How to build a basic web crawler?

Before the system Design interview, we talked about starting with the easy stuff in 8 Things to Know Before the System Design Interview. Let's focus on building basic web crawlers that run on a single thread. With this simple solution, we can continue to optimize.

To crawl a single web page, we only need to make an HTTP GET request to the corresponding URL and parse the response data, which is the core of the crawl tool. With this in mind, a basic web crawler can work like this:

Start with a url pool that contains all the sites we want to crawl.

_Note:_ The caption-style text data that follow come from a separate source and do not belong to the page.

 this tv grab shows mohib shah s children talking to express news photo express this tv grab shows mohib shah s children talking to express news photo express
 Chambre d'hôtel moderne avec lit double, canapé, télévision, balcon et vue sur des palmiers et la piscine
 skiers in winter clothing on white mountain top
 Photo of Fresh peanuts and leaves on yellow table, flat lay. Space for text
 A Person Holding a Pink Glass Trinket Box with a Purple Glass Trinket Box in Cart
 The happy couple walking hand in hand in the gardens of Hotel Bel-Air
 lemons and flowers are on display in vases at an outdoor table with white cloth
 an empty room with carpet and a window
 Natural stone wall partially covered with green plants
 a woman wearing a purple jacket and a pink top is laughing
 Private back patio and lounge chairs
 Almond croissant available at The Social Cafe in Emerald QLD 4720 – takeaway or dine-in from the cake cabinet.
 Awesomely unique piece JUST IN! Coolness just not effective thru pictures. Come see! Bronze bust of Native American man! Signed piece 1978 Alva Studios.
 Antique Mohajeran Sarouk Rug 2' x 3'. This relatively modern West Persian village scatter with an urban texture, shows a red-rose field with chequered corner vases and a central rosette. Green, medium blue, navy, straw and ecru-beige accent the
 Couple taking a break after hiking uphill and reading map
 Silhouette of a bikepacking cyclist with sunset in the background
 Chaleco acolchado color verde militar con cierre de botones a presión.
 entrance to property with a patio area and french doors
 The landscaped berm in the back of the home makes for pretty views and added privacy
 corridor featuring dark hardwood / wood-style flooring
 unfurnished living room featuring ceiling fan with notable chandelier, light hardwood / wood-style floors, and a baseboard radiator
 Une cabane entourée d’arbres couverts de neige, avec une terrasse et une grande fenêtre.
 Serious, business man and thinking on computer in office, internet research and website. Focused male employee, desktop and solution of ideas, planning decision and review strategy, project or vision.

For each URL, issue an HTTP GET request to get the web page content.

Parse the content (usually HTML) and extract the potential url we want to crawl.

Add new urls to the pool and keep fetching.

Depending on the problem, sometimes we might have a separate system for generating crawl urls. For example, a program can continuously listen for RSS subscriptions and add this URL to the crawl pool for each new article.

2 - Size issues

It is well known that any system that scales will face a series of problems. In web crawlers, there are a lot of things that can go wrong when scaling a system to multiple machines.

Before jumping to the next section, take a few minutes to think about the bottleneck of a distributed web crawler and how to solve it. In the remainder of this article, we will discuss some of the major issues of the solution.

3 - Grab frequency

How often do you go to the website?

This may not sound like a big deal, unless the system is a certain size and you need very fresh content. For example, if you want to keep up with the latest news for an hour, scraping tools might need to keep scraping news sites every hour. But what's wrong with that?

For 1 small site, their server is probably unable to handle such frequent requests. One way is to follow robot.txt per site. For those who don't know what ES63en.txt is, this is basically the standard for websites to communicate with web crawlers. It can specify what files should not be grabbed, and most web crawlers follow the configuration. In addition, you can set different fetching frequencies for different sites. Typically, there are only a few sites that need to be accessed multiple times a day.

4 - to heavy

On a machine, you can keep the URL pool in memory and delete duplicate entries. But things get more complicated in distributed systems. Basically, multiple crawlers can extract the same URL from different web pages, and they all want to add this URL to the URL pool. Of course, it makes no sense to crawl the same page multiple times. So how do we duplicate these sites?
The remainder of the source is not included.